= TASK REQUIREMENTS =
Would you copy the records below, exactly and only from their first line through the line containing "thumbnail image 4", without any pictures?

= AVAILABLE DATA =
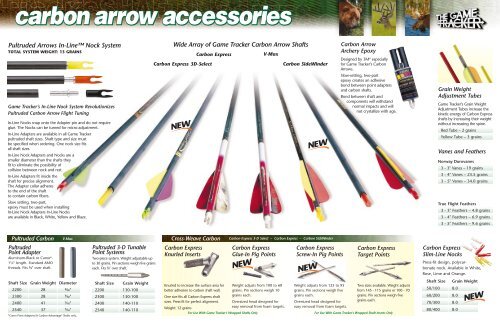Wide Array of Game Tracker Carbon Arrow Shafts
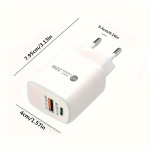 Kiire USB A+C 20W Laadija koos 201.17cm Nailonpunutisest C-Kaabliga, Euroopa Pistikuadapter - Valge.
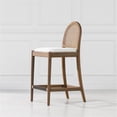 thumbnail image 4 of Panama 26.5" Curved Back Cane Rattan Counter Stool Set of 2 Ivory White Boucle, 4 of 10
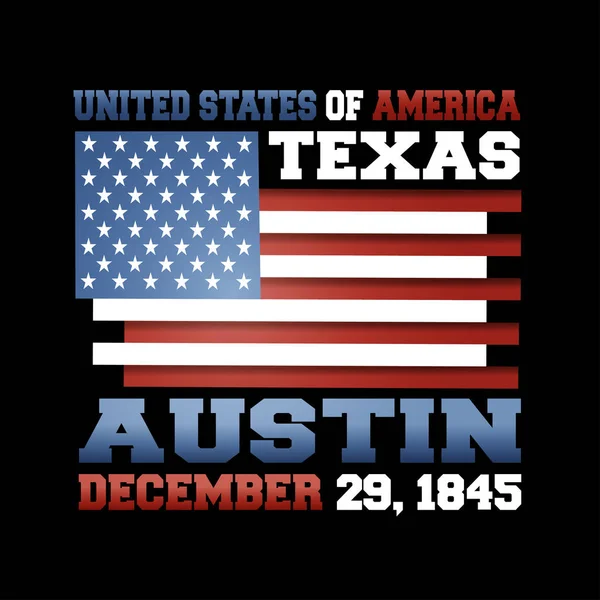 Bandeira Americana Com Inscrição Estados Unidos América Texas Austin Dezembro — Vetor de Stock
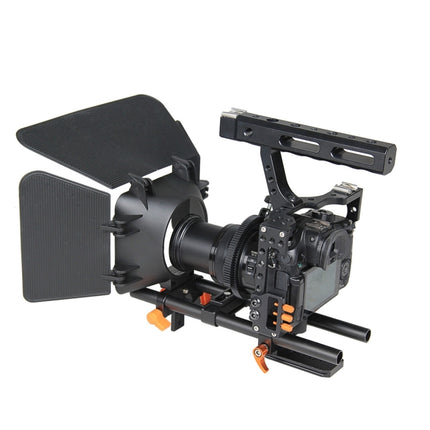 YELANGU YLG1105A A7 Cage Set Include Video Camera Cage Stabilizer / Follow Focus / Matte Box for Sony GH4 / A7S / A7 / A7R / A72 / A7RII / A7SII / A6000 / A6500 / A6300 / A7R3 / A7S3 / A7R4 (Orange)-garmade.com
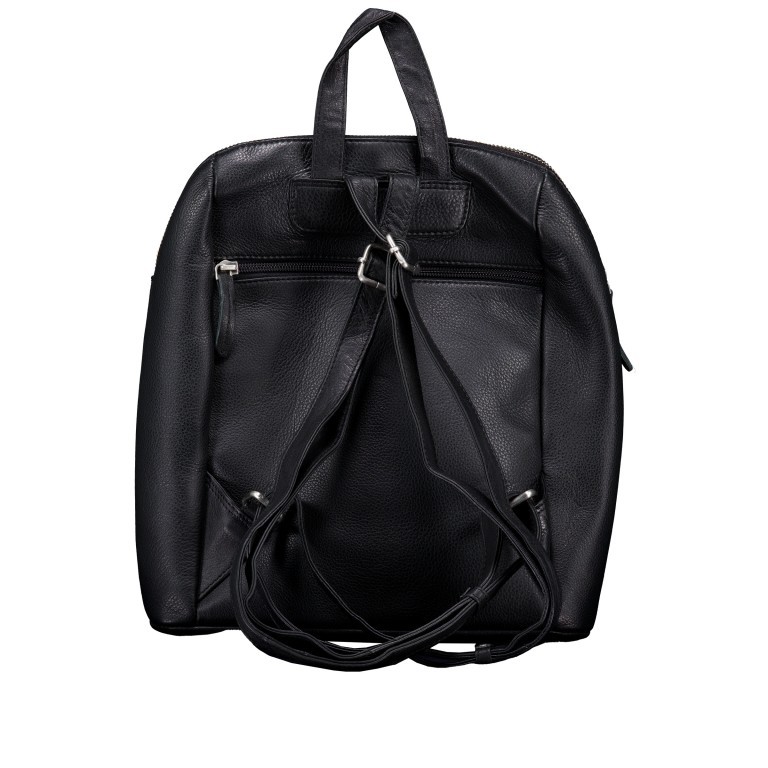 Rucksack Nappa Schwarz, Farbe: schwarz, Marke: Hausfelder Manufaktur, EAN: 4065646022539, Abmessungen in cm: 27x31x14, Bild 4 von 6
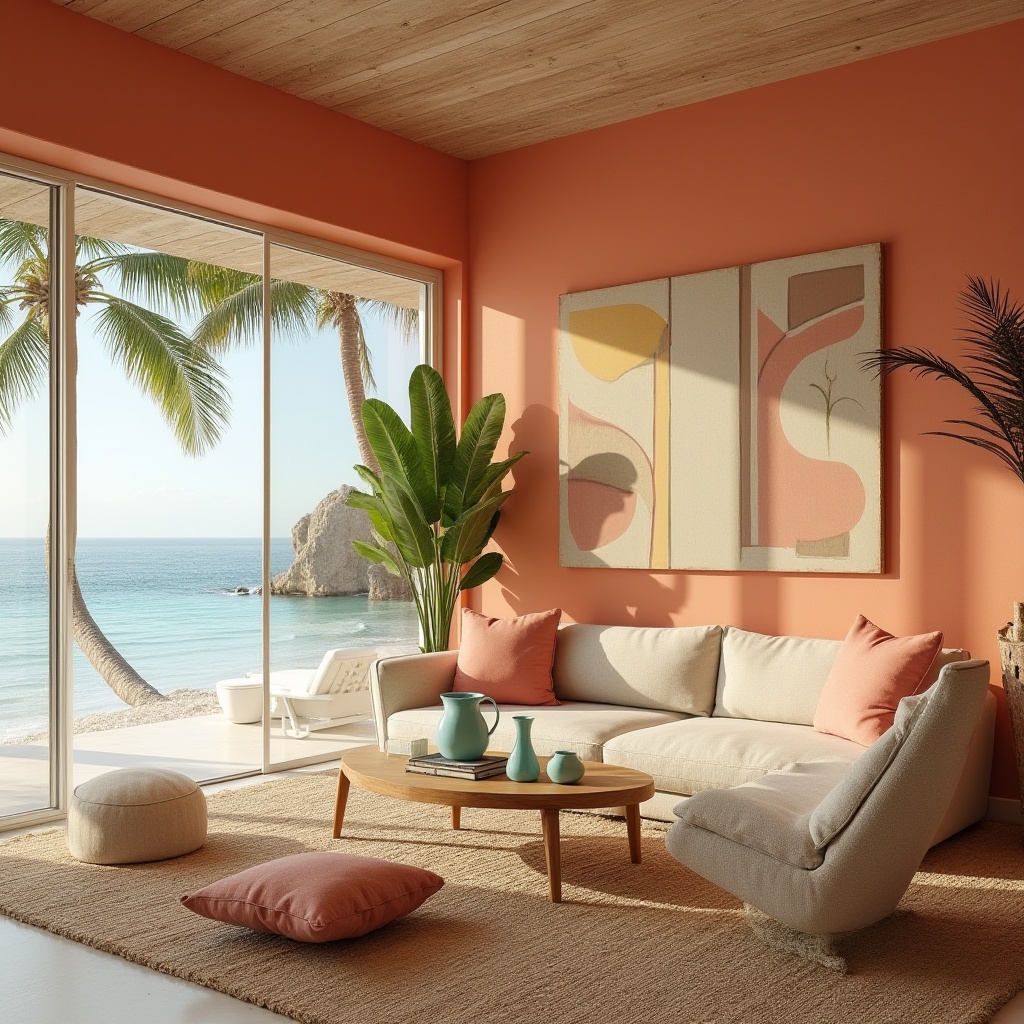 Prompt: Beach modernism, tangerine accent wall, calming ocean view, creamy white sand, driftwood furniture, woven sea grass rug, natural fiber textiles, linen upholstery, coral pink throw pillows, turquoise glass vases, weathered wood accents, soft peach lighting, warm beige tones, minimal ornamentation, organic shapes, open floor plan, sliding glass doors, lush greenery, palm trees swaying in the breeze, serene atmosphere, coastal vibes.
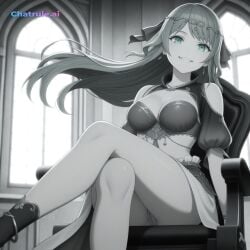 1girl ai_assisted ai_generated anime_screencap beautiful dancer day detailed_skin dress floating_hair general grayscale green_eyes green_hair grin high_contrast highres indoors jewelry long_hair looking_at_viewer no_nose official_art perfect_anatomy pussy sharp_teeth sitting_on_chair slit_pupils smug socks upskirt_view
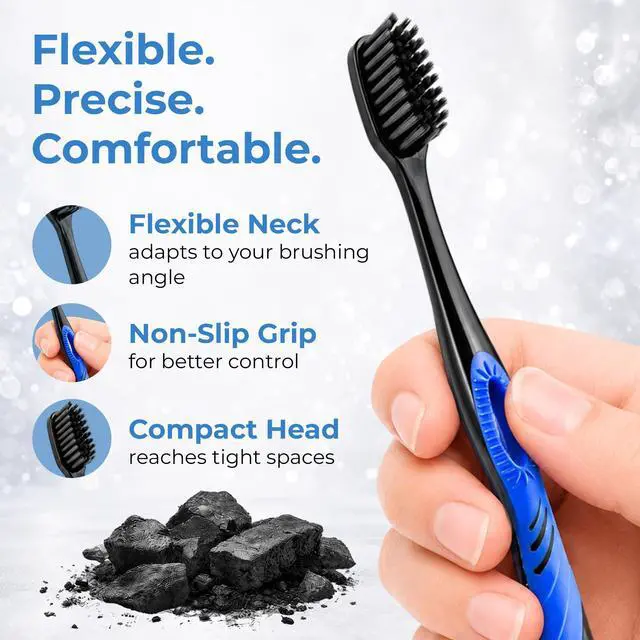 Alt view image 4 of 7 - SMYL Activated Charcoal Toothbrush Ultra Soft Tapered Bristles, Compact Head & Slim Design | 4 Count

= YOUR RESPONSE =
Wide Array of Game Tracker Carbon Arrow Shafts
 Kiire USB A+C 20W Laadija koos 201.17cm Nailonpunutisest C-Kaabliga, Euroopa Pistikuadapter - Valge.
 thumbnail image 4 of Panama 26.5" Curved Back Cane Rattan Counter Stool Set of 2 Ivory White Boucle, 4 of 10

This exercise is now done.